Harvesting, Eating and Storing

  • Do not harvest any rhubarb in the plant’s first year,; the large root system needs energy to establish itself. Harvest a few stalks per plant in the second year, and from the third year take all but a few stalks from each plant.
  • About early July discontinue picking the stalks of early varieties so the plant can recover for next year. Other varieties, pick only for about two months.
  • It can be eaten raw but more usually cooked in crumbles, pies, or as preserves.
  • Rhubarb freezes well but should be stewed before freezing, or consider bottling it.

Forcing Rhubarb

Rhubarb Forcing Pot and Manure

Traditional Rhubarb Forcing Pot
Note the manure pile behind ready to stack around the pot.

Rhubarb used to be far more popular than it is today. I think part of the reason for its decline is our increasingly sweet tastes. Flavours drowned in more and more sugar. Because it is very easy to grow, we seem to have lost our respect for it as well.

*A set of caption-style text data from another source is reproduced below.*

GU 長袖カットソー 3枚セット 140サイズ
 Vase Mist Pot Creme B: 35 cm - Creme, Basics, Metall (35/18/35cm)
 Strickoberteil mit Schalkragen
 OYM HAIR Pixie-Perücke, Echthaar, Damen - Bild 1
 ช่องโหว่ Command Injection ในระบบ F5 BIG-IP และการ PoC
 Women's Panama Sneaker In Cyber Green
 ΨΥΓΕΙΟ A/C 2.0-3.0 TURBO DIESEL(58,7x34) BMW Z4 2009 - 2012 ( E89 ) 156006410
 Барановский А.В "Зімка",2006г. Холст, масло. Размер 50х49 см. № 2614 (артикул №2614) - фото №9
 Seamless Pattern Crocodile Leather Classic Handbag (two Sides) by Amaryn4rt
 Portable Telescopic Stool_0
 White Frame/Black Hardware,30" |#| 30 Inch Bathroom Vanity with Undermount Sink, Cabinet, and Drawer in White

At one time it was properly cultivated giving us forced rhubarb along with early, mid and late season varieties. A versatile fruit that was available from March to November. Now it seems relegated to a few old crowns neglected and half-starved at the bottom of the plot.

Anyway, even if you’re not keen on rhubarb try forcing some. It’s a far less acidic, sweeter and more delicate flavour that you may well enjoy far more than you expect.

Traditional Garden Forcing compared to Commercial Forcing in Rhubarb Triangle

Rhubarb forcing shed – note the yellow leaves on pink stalks. Light is provided by candles.
Alan Murray-Rust / Rhubarb forcing shed at Carlton / CC BY-SA 2.0

Traditional garden forcing is quite different to commercial forcing as practised in the forcing sheds of the ‘rhubarb triangle’ of West Yorkshire. A large (and expensive) tubular pot was placed over a crown and covered with fresh stable manure.

The pot excluded light and the fermenting stable manure gave off warmth to pull the crown into growth. Because it has grown in the dark the leaves will be yellow and the stalks light pink rather than red but with that delicate sweet flavour I mentioned.

Don’t continually force any one particular plant as you will exhaust and kill it. It must have at least two, preferably three years, before being forced again. Ideally, have several plants you can alternate with forcing. Feed the plants after forcing and discontinue picking after the pale stalks are taken.

A quick cheat method is to use an upturned black dustbin as a forcer. Add manure around if available and hold the bin in place with a few bricks or rocks. If no manure is available then hopefully the bin will absorb any sunshine heat and force the rhubarb for you.